Paulina se asomó al balcón para ver Oleza, verlo todo sin la vigilancia de Elvira.
Palacio de Lóriz, la catedral, los campanarios, las azoteas, los palomares, Oleza, también toda Oleza, se quedó mirándola con asombro: «¿De veras que ya está decidida vuestra felicidad? ¿No tiene eso remedio? ¿Entonces no servirá de nada lo pasado, lo padecido, lo deshecho? ¿Qué servirá para la plenitud de vuestro goce? No sabemos. Todavía no sois sino lo que fuisteis, y la prueba te la da tu memoria ofreciéndote como un perdido bien aquel “Olivar” de tu infancia y aquella felicidad que te prometías bajo los rosales. ¿Te bastará la improvisada felicidad de rebañaduras? Resultasteis desgraciados; una lástima, pero así era. ¿Vais ahora a dejar de ser lo que sois? ¿Y nosotros, y todos?».
Pero Paulina no había de atender sino a su vida. La felicidad no era un propósito de la juventud. Y se internó en sí misma, escuchándose transverberada por los ojos, por las palabras, por el silencio de su esposo y de su hijo. En aquellos días, ¡qué pasmo, qué corazón asustado delante de la felicidad! ¡Cómo sería esa felicidad, una felicidad que, para serlo, había de desvertebrarse de la felicidad que cada uno se había prometido!

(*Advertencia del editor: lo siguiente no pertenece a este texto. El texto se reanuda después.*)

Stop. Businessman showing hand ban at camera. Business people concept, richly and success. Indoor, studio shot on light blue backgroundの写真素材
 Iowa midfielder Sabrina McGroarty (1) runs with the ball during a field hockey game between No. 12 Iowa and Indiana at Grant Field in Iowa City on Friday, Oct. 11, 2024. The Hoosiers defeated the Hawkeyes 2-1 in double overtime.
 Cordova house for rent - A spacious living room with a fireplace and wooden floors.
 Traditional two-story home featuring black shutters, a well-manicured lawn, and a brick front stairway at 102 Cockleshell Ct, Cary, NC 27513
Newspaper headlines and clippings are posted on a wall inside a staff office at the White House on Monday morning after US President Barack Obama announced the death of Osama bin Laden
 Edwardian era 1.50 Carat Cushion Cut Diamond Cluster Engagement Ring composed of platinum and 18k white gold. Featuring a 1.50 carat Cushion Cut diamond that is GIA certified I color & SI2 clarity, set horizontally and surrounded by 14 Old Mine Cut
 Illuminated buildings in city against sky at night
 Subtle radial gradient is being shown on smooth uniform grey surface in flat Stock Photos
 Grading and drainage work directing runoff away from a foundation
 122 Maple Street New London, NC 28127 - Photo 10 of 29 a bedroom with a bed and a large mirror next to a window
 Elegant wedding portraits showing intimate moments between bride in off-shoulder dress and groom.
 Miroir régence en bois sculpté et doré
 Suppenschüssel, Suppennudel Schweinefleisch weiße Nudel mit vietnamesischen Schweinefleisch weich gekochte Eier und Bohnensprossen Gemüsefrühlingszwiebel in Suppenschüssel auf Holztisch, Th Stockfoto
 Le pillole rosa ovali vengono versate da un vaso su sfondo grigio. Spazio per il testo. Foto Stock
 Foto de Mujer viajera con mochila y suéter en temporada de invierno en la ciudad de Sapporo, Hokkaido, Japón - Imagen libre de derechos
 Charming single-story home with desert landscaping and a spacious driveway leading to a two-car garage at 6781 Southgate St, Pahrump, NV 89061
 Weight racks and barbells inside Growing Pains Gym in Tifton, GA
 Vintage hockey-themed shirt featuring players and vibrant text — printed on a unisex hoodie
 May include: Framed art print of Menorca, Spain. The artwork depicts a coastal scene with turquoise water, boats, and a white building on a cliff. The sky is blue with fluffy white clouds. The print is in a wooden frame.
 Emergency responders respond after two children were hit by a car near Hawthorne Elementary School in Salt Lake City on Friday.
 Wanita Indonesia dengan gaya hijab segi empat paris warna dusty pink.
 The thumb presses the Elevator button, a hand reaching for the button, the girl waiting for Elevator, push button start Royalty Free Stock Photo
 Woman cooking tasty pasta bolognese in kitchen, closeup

Y una tarde paró en el portal la vieja galera, la misma galera en que vino don Daniel todos los 28 de junio para comer con su prima doña Corazón y asistir a las horas canónicas de la vigilia de San Pedro y San Pablo, la misma galera que trajo a Paulina para su boda en el alba del 24 de noviembre, día de San Juan de la Cruz. También era de noviembre aquella tarde. Se cerró la cancela y la puerta. Y en los ladillos de badana del carruaje se acomodaron Paulina, don Álvaro y su hijo. Casi a la vez se soltaron tres toques de la espadaña de Palacio. Se puso a retumbar un campanón obscuro, siempre dormido en su alcándara de la catedral; luego se removió todo el campanario, y a poco cabeceaban las campanas de las parroquias, de la Visitación, de Santa Lucía, de San Gregorio, de «Jesús», de los Calzados, del Seminario, de los Franciscos… Y el campaneo se volcaba roto en las calles, en las rinconadas, en las azoteas, en los huertos, en el río… Todas las campanas doblaban por el obispo, que acababa de morir.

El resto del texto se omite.